Understanding Inequality Symbols
Before diving into solving techniques, let's refresh our memory on the inequality symbols:
- > Greater than
- ≥ Greater than or equal to
- < Less than
- ≤ Less than or equal to
- ≠ Not equal to
Solving Linear Inequalities
Linear inequalities involve variables raised to the power of 1. The process of solving them is similar to solving linear equations, with one crucial difference: when multiplying or dividing by a negative number, you must reverse the inequality sign.
Example 1: Solve 2x + 5 > 9
- Subtract 5 from both sides: 2x > 4
- Divide both sides by 2: x > 2
The solution is x > 2, meaning any value of x greater than 2 satisfies the inequality.
Example 2: Solve -3x + 6 ≤ 12
- Subtract 6 from both sides: -3x ≤ 6
- Divide both sides by -3 and reverse the inequality sign: x ≥ -2
The solution is x ≥ -2. Notice how the inequality sign flipped because we divided by a negative number.
Solving Compound Inequalities
Compound inequalities involve two or more inequalities combined using "and" or "or."
Example 3 (And): Solve -2 ≤ 3x - 5 < 7
- Add 5 to all parts of the inequality: 3 ≤ 3x < 12
- Divide all parts by 3: 1 ≤ x < 4
The solution is 1 ≤ x < 4, meaning x can be any value between 1 and 4, inclusive of 1 but not 4.
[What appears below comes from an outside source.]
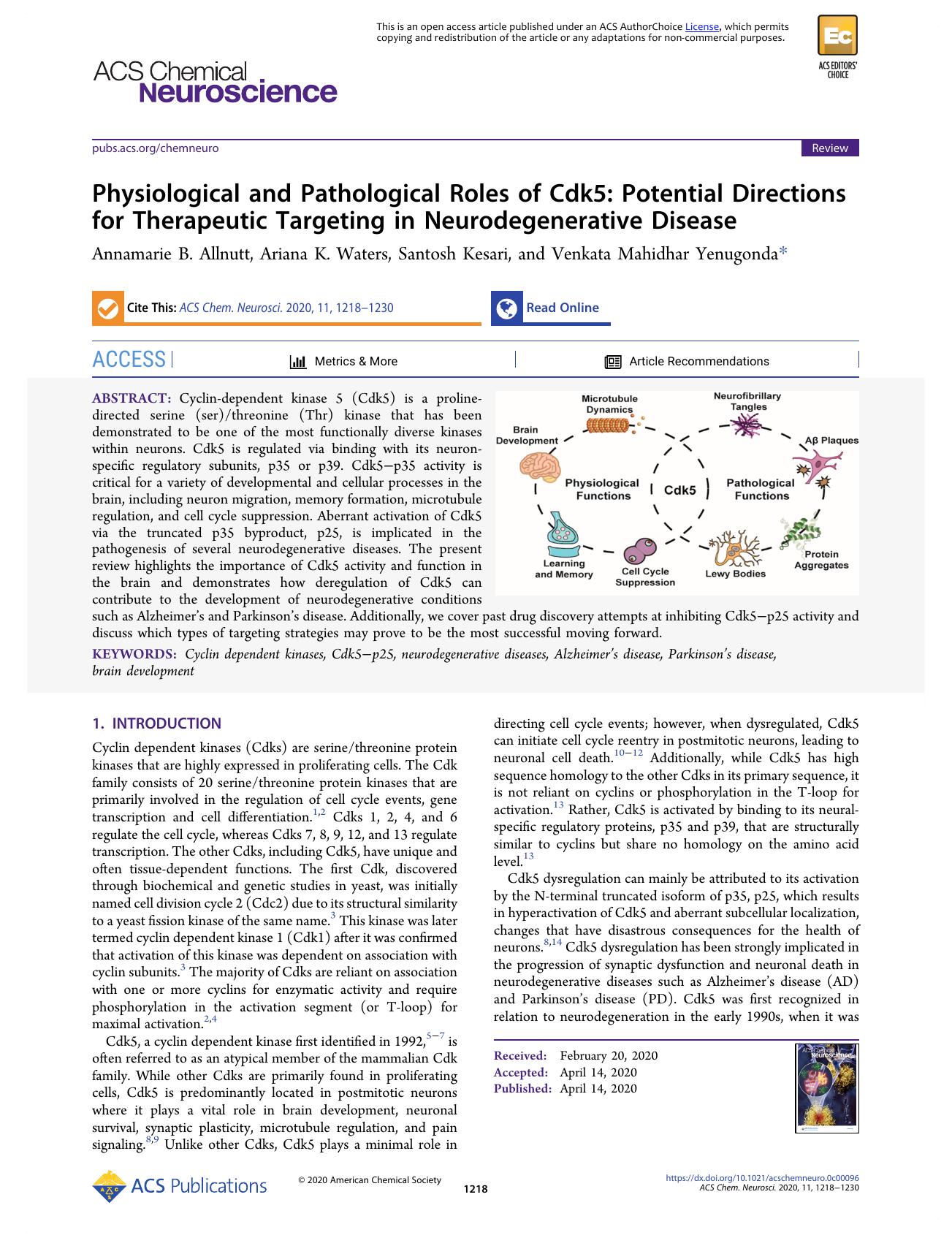 Physiological and Pathological Roles of Cdk5: Potential Directions for Therapeutic Targeting in Neurodegenerative Disease by Annamarie B. Allnutt Ariana K. Waters Santosh Kesari and Venkata Mahidhar Yenugonda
Example 4 (Or): Solve x + 2 > 5 or 2x - 1 < -3
- Solve the first inequality: x + 2 > 5 => x > 3
- Solve the second inequality: 2x - 1 < -3 => 2x < -2 => x < -1
The solution is x > 3 or x < -1.
Solving Polynomial Inequalities
Polynomial inequalities involve variables raised to higher powers. The steps for solving them are:
- Rewrite the inequality with zero on one side.
- Find the roots (solutions) of the corresponding equation.
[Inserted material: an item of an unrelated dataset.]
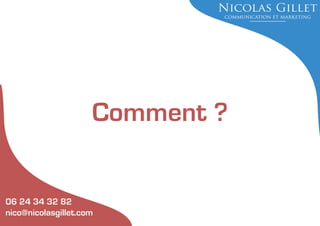 Comment ?

06 24 34 32 82
nico@nicolasgillet.com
- Test values in the intervals created by the roots to determine the solution.
Example 5: Solve x² - 4x + 3 > 0
- Factor the quadratic: (x - 1)(x - 3) > 0
- Find the roots: x = 1 and x = 3
- Test intervals:
- x < 1: (negative)(negative) > 0 (True)
- 1 < x < 3: (positive)(negative) > 0 (False)
- x > 3: (positive)(positive) > 0 (True)
The solution is x < 1 or x > 3.
Solving Absolute Value Inequalities
Absolute value inequalities involve the absolute value function | |. Remember that |x| represents the distance of x from 0.
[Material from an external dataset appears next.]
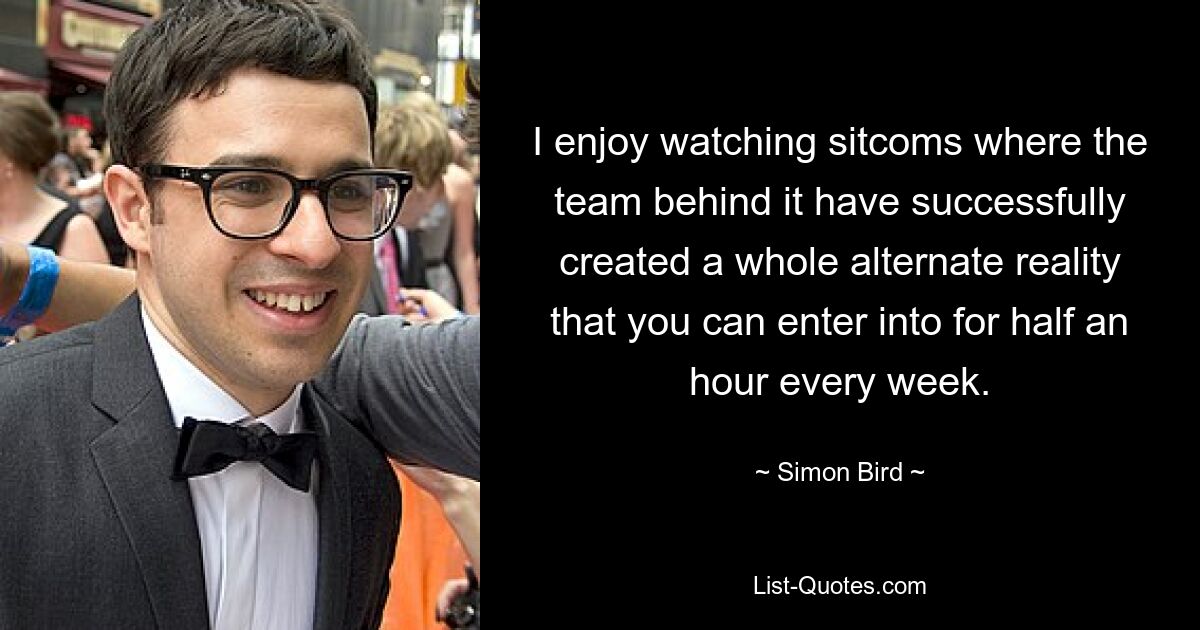 I enjoy watching sitcoms where the team behind it have successfully created a whole alternate reality that you can enter into for half an hour every week. — © Simon Bird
Example 6: Solve |x - 2| < 3
This inequality means the distance between x and 2 is less than 3. We can rewrite this as a compound inequality:
-3 < x - 2 < 3
Solving this gives: -1 < x < 5
Example 7: Solve |x + 1| ≥ 4
This means the distance between x and -1 is greater than or equal to 4. This translates to two separate inequalities:
x + 1 ≥ 4 or x + 1 ≤ -4
Solving these gives: x ≥ 3 or x ≤ -5
Graphing Inequalities
Graphing inequalities helps visualize the solution set. For linear inequalities, you'll typically use a number line, shading the region representing the solution. For inequalities with two variables, you'll use a coordinate plane. Remember to use an open circle (o) for > and < and a closed circle (•) for ≥ and ≤.
By mastering these techniques, you'll be well-equipped to solve a wide range of inequalities, significantly enhancing your mathematical problem-solving skills. Remember to practice regularly to build confidence and fluency.